# Pressure Washer Manifold Replace



## DIY JIM (Oct 12, 2009)

First you should know that I am a total novice.
I have a Troy Built Pressure Washer Model 020208.
The threads on the manifold are stripped so I have ordered a new one.
While I wait on the shipment of the new manifold, I removed the old one and noticed that the check valves were covered with a white build up (lime or calcium?) I removed the valves and cleaned them with vinegar and they seem to be working properly. My question is, should I be doing any other maintainence while I have the manifold off? Should I use any type of lube or greese when reinserting the valves and manifold? Im sure this is rutine stuff for you guys but I am clueless. 
Thanks for your help.


----------



## Thurman (Feb 9, 2009)

The check valves should be made of Stainless Steel and will need no lubrication. Be sure to put the check valves back in as they were removed, or your unit will not work.

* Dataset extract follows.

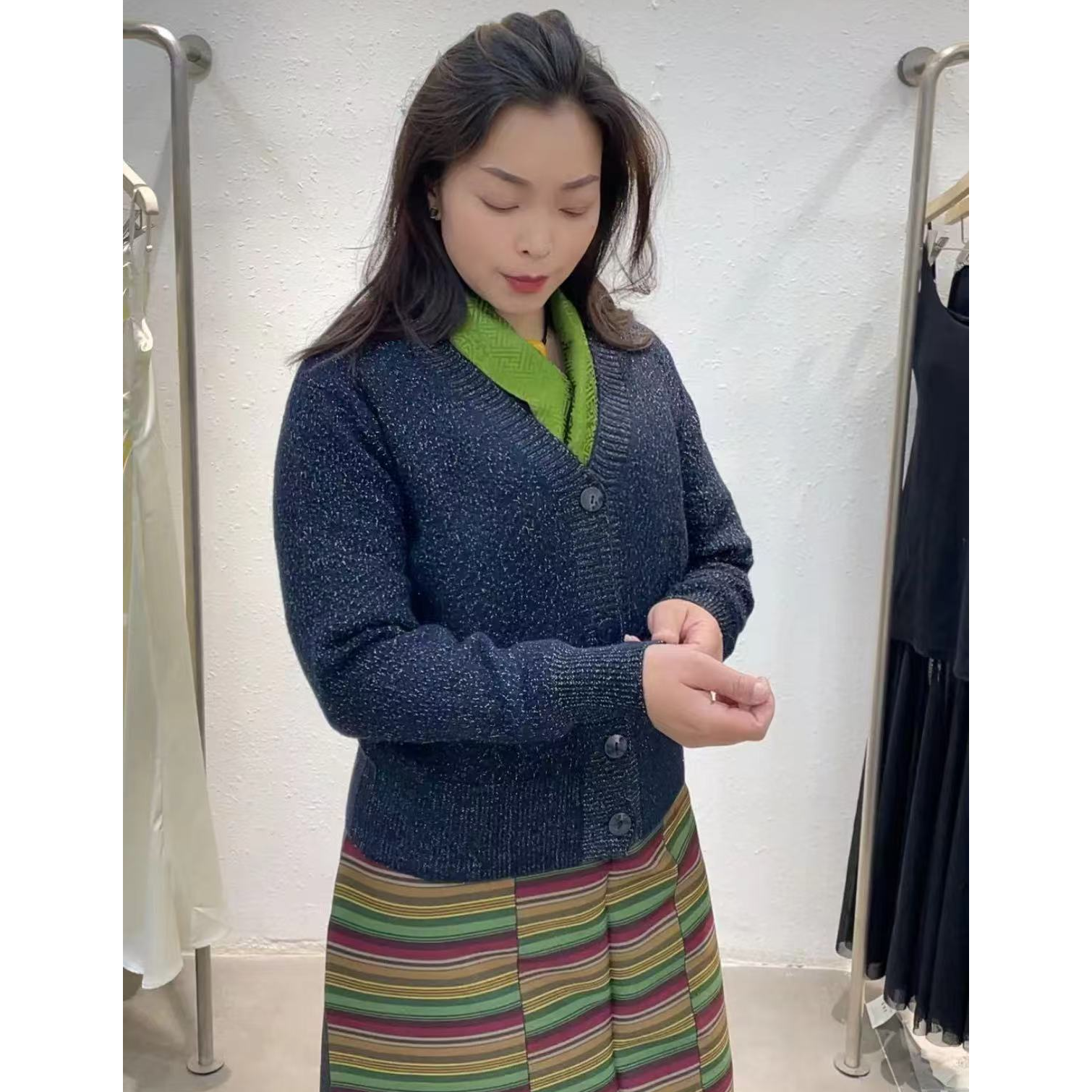 新款毛衣外套亮片民族风时尚休闲女士网红复古针织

IF this is a gas powered unit, it would be a good time to change the oil, clean the air filter, change the spark plug, and generally clean the motor unit. You may want to change the oil in the pump unit as well, it wouldn't hurt it. Be sure to follow the manufacturer's instructions for oil in this unit. IF it is an electric unit, check the power cord and it's connection at the motor. Good Luck, David


----------



## DIY JIM (Oct 12, 2009)

Thanks Dave!


----------



## treborkanzarb (Oct 10, 2009)

*manifold*

You may not need to replace the manifold just the " Inlet pipe".
find parts list by Googleing "Trot Bilt parts replacement"


----------